<高校サッカー:修徳3-0松商学園>◇3日◇3回戦◇駒沢

 伝統の「修徳締め」で気合を入れて臨んだ修徳(東京A)は、松商学園(長野)を下して9度目の出場で初の8強入り。準々決勝は5日に行われる。

 気迫が違った。修徳は肉弾戦という土俵に松商学園を誘い込んだ。前半8分、相手ゴール前へのロングボールをGKがこぼすと、次々と襲いかかる。DFよりも一瞬早く、FW加藤が放ったシュートはブロックされたが、DF渡辺が右足で押し込み、貴重な先制点を奪った。後半、PKで追加点を決め、さらに同15分に左CKから再び混戦になるとFW小野寺が頭でつめて3点差。得意のセットプレーから初の8強入りを決めた。

 ピッチに立つと目の色を変える男たち。伝統のスイッチが「修徳締め」だ。フジテレビ系の番組「とんねるずのみなさんのおかげでした」で話題の「男気じゃんけん」で、世間にも知れ渡った。練習前や試合前に行うもので、パン、パパンと手をたたき「修徳!」と締める。MF池田主将は「僕らは修徳締めでいつも始まるから」と、この日の試合前は大応援団とともに締めて試合に臨んでいた。

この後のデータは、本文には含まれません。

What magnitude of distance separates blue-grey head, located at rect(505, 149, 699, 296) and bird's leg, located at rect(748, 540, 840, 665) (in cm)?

 おとこ気は普段の生活から身につける。大会中、宿泊先での食事の際、各テーブルで「男気じゃんけん」が繰り広げられる。既に満腹の状態で、じゃんけんに勝った人がさらに食べる。そこで、悔しがったら男がすたる。「罰ゲームというわけじゃないけど、そうやって楽しんで結束を強くしていければいい」と池田主将は言い、ピッチの外では笑いが絶えないのが、快進撃の理由でもある。

 この日のユニホームは、同校出身の現役Jリーガー横浜MF小椋や名古屋GK高木らOBが中心となってつくったもの。「1回勝ったら着てください」と言われ、岩本監督は「やっと着られてよかった」と笑うが、1勝どころか東京勢15大会ぶりの国立までも視野に入ってきた。「次はうちが守る時間が長くなる。3対7でボールを持たれる。でもそれがうちのスタイル」と同監督は堅守速攻を掲げる。おとこ気旋風が、ここから勢力を強めていく。【栗田成芳】

 ◆男気じゃんけんと修徳締め

 フジテレビ系の番組「とんねるずのみなさんのおかげでした」のコーナーで人気となったじゃんけん。(1)じゃんけんに勝った人が負けた人の分までおごる(2)勝った人が悔しい顔をすると、おとこ気がないと見なされ罰ゲームを課される、などのルールがある。修徳締めは最後に「修徳!」の掛け声で締める手締めのこと。木梨憲武が帝京サッカー部時代に修徳と対戦した時に見たということで、「とんねるず-」のコーナーのエンディングで取り入れられて広まった。